I’ve spent the better part of the last three weeks arguing with the music on my ipod and spent the rest of it praying that the battery would die right after Portions for Foxes had reclaimed my self-confidence to miss you and before Gravity could pull me down into a funk of the acutest regret-both great songs, though altogether so in tune with you I might have to change the keys.
I was using the music to crawl back inside you-or at least the parts of you that I still had the chance to cling to since you disappeared from everywhere except my own head, but that’s where you’ve always lied, feet tangled up in mine and quiet air escaping your lips. Too far away to touch, too close for me to comprehend. I occupied my hands trying not to change the songs as they went idly by on shuffle. The parts of me I wished to give you, but kept locked up inside struggled to be Free, knowing that you’d only throw it in my face that I even took the time to mourn you. My mind was still to the playlist my ipod insisted-Throw Me a Rope fades as the World Spins Madly On and the wilting butterflies in my stomach became unsettled In Your Atmosphere.

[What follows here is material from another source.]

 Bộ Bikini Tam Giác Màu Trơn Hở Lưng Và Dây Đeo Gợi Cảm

You entrenched the soundtrack in my head, waltzing in and out, but mostly in- just to torment the shoulda coulda wouldas of my heart. I’ll admit that I was running. For so long I chased after you, hoping this could be a start. I got my hopes up. I went after what I wanted. Isn’t that what you always said to do?

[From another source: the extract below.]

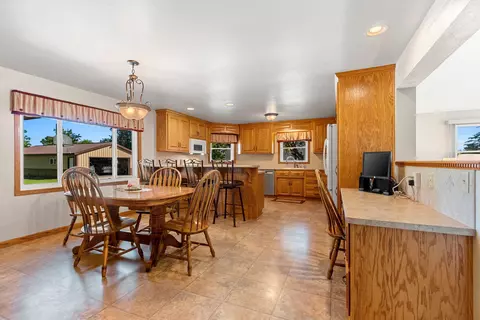 326 Main St, Wrightstown, WI 54180 photo 4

Songs continue to invade my mind, knowing from the beginning you were never mine to have-yet wanting you anyway. Desire is a tricky thing. So apparently is honesty. Sympathy dragged me down, aware that you had none for me. I still love to hate how Everything Changes reminds me of how you never really said goodbye.
You’ve got me stuck in The Saltwater Room containing all my misery. I’m sure that you believe that’s where I belong, and it’s possible that I agree. And I can’t help that Maybe, given time you might forgive me for the things you never let me say, the facts you never asked to hear before you left me to Cry for You. Because I did-the instant that you left.
Our opinions on the matter may be different-but I’ll agree to disagree on how we end. I still love you, even though you may want me to burn in hell. Just so you know, with everything we’ve been through, one fact remains true…I Will Follow You into the Dark.